§ **Directions**
The listing that follows must be given again in full and exactly.

§ **Data shown**
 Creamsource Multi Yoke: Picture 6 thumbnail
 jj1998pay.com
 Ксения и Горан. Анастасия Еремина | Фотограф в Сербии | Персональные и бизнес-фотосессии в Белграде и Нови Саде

§ **Answer section**
 Creamsource Multi Yoke: Picture 6 thumbnail
 jj1998pay.com
 Ксения и Горан. Анастасия Еремина | Фотограф в Сербии | Персональные и бизнес-фотосессии в Белграде и Нови Саде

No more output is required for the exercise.